### YOUR ASSIGNMENT:
The listing below must be returned in full and unchanged, without the images it carries.

### DATASET CONTENT:
----

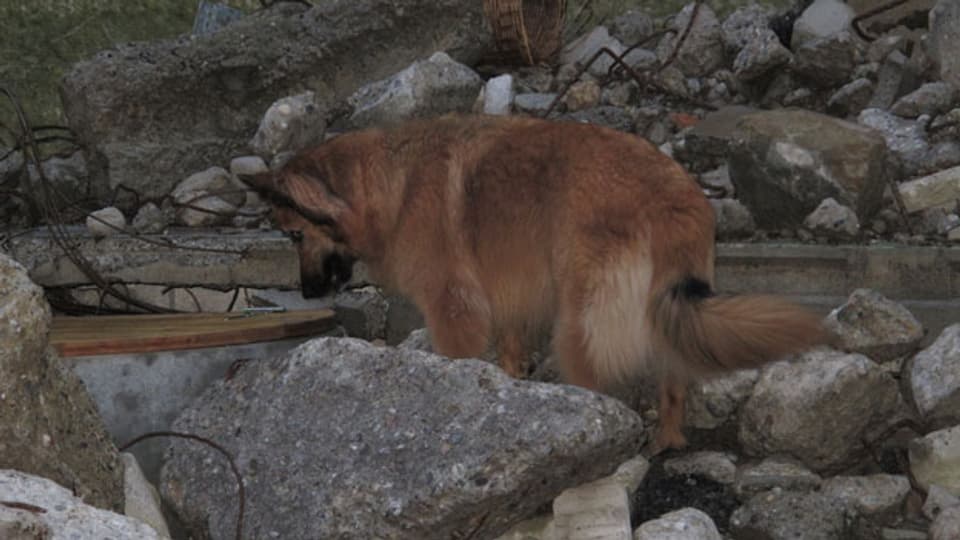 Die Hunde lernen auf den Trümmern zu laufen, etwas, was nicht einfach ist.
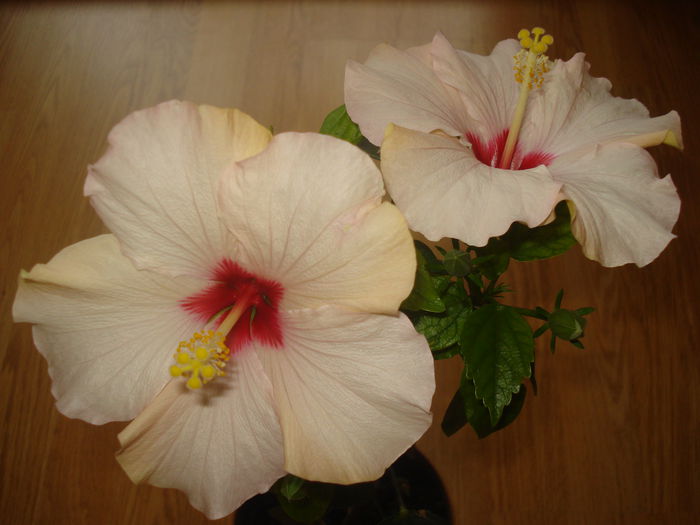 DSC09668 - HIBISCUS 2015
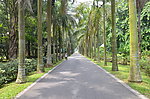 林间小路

----

### SOLVED PROBLEM:
 Die Hunde lernen auf den Trümmern zu laufen, etwas, was nicht einfach ist.
 DSC09668 - HIBISCUS 2015
 林间小路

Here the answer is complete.